Henderson, who arrived in Europe last summer, already has led GM through a bitter conflict with German union leaders last fall over the company's decision to shed 10,000 jobs there as part of a broader elimination of 12,000 GM Europe jobs by the end of this year, the newspaper said.
GM's European recovery is still fragile, and could stall, the Journal reported. The European Automobile Manufacturers Association released data this week showing registrations of new GM cars fell slightly faster in May -- down 1.9 percent -- than overall demand for new cars, which was down 1.7 percent.
GM says it still expects to post a loss of about $500 million in Europe this year and will not say publicly how it expects to do in 2006. A recovery at GM Europe also is no substitute for a turnaround in GM's much larger North American business, which accounts for more than half of GM's world-wide automotive vehicle sales, the newspaper said.

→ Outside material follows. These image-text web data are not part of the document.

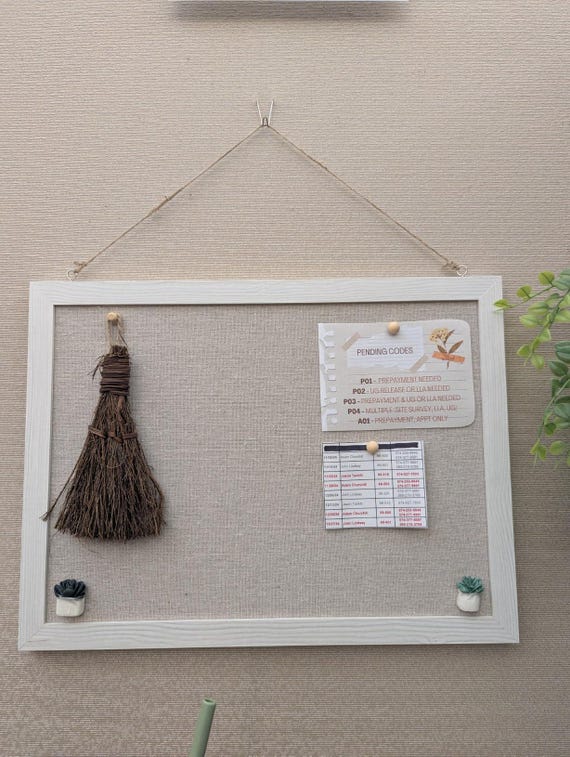 Linen Cork Bulletin Board for Wall 16x12 | Double-Sided Wood Framed Pin Board with Pushpins | Decorative Message Board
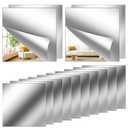 12Pack Acrylic Flexible Mirror Sheets,12x12 Inch Self-Adhesive Mirror Tiles,Square Cuttable Wall Stickers Non Glass Safety Reflective for Home Wall DIY Decor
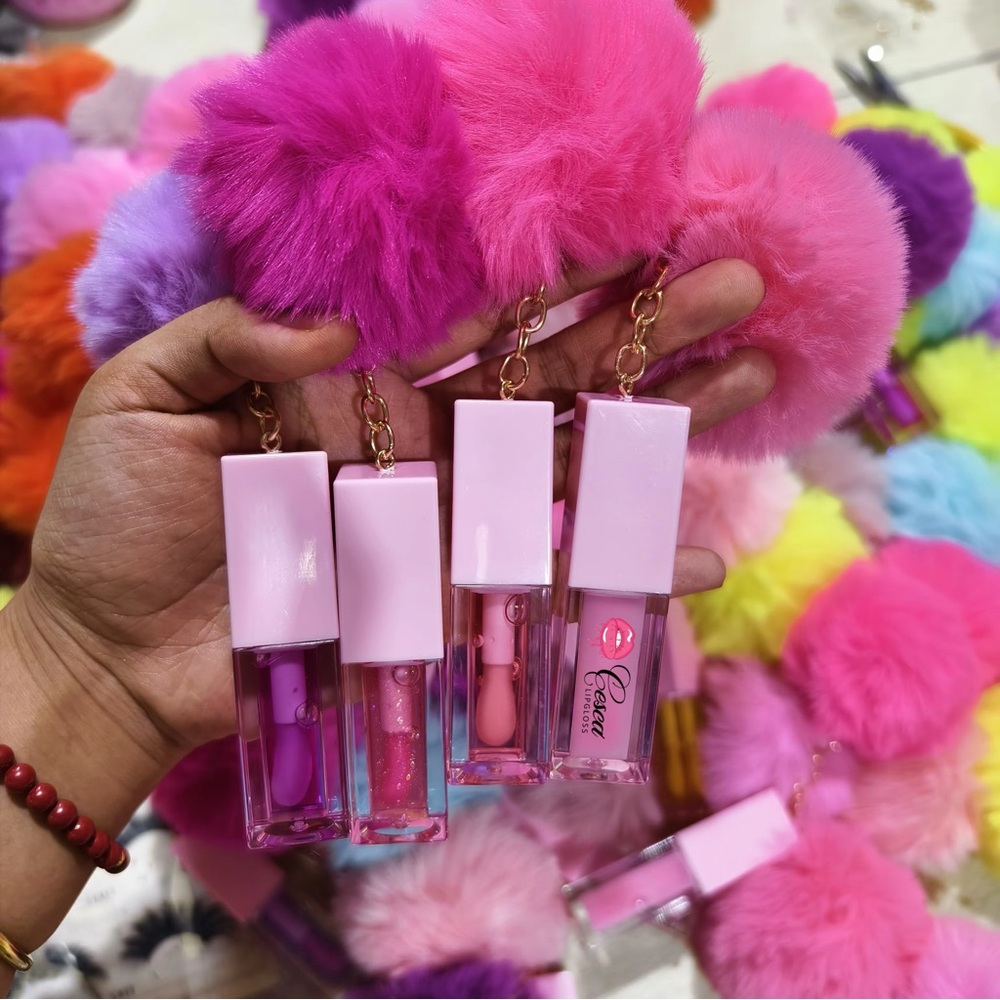 Pink and Purple Lip Gloss Keychain Set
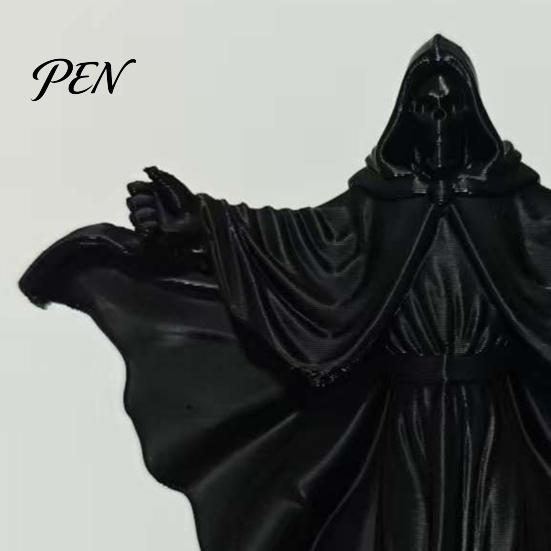 Durable Matte Black Decor 3D Printed Skeleton Figurine with Cloak, Gothic Statue, Spooky Tabletop Mysterious Character Sculpture Robe, Faceless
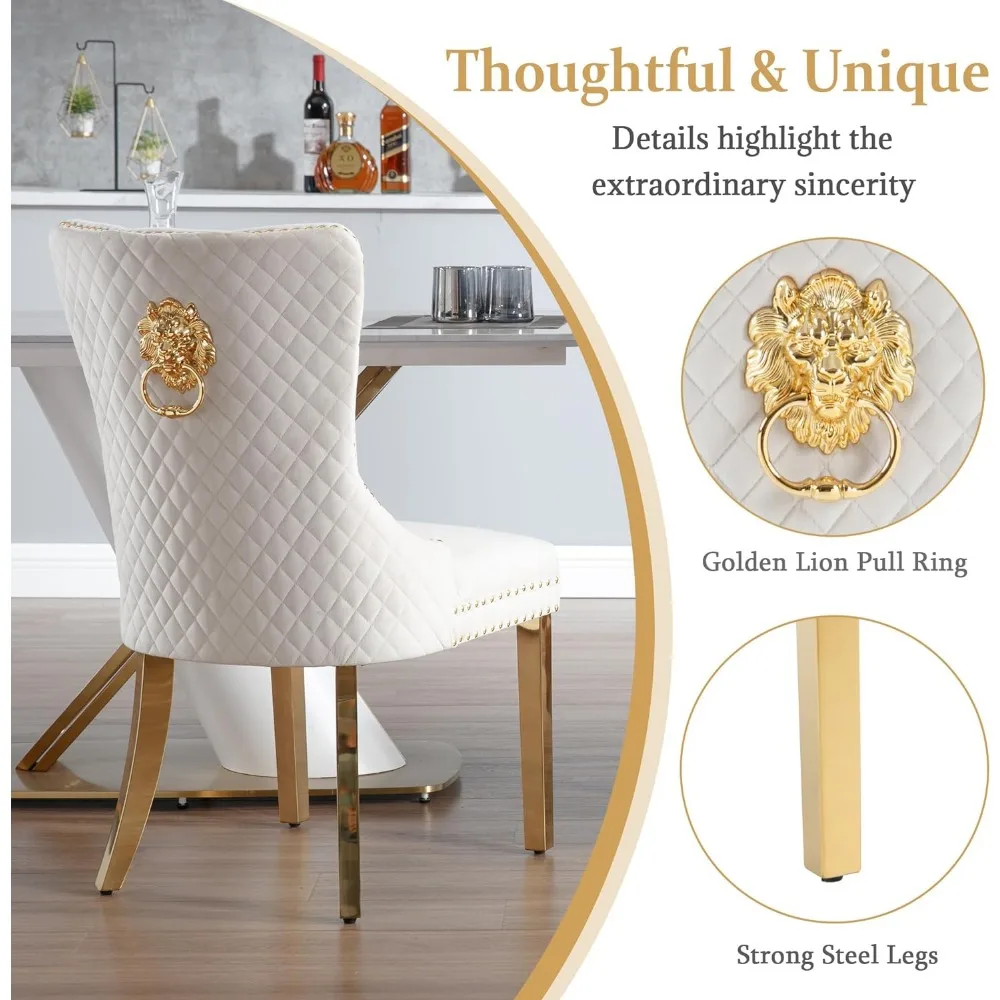 Dining Room Chairs Set of 2,Tufted Upholstered Back Lion Pull Ring, Elegant Rhomboid Pattern Nail Head Trim, Armless Chairs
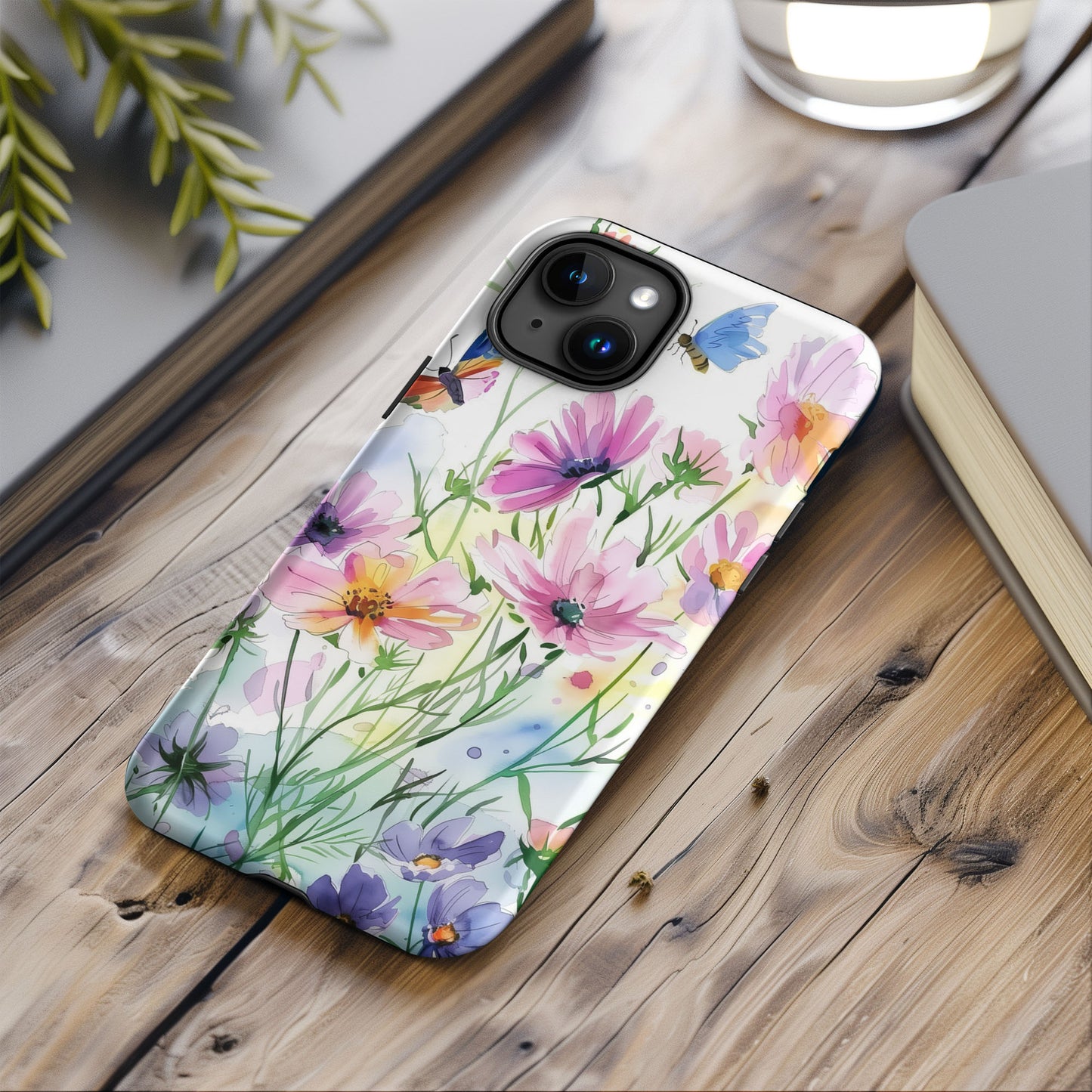 Watercolor Floral Butterfly Tough Case For iPhone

"We're on a positive trajectory, but not at an acceptable level," Henderson said.
But if GM can stop its losses in Europe, it would ease some of the pressure on Chairman and CEO Rick Wagoner as he undertakes an arduous restructuring of GM's North American operations -- and the risk that GM will provoke labor unrest in the United States with its demand that the United Auto Workers union accept cuts in healthcare benefits, the report said.
Some analysts speculate Henderson could return to Detroit to take a broader role under Wagoner. Others suggest Henderson could be a candidate to replace Wagoner if GM's board loses patience. Before moving to Europe, Henderson was head of GM's Asian-Pacific operations, where he presided over a period of rapid growth.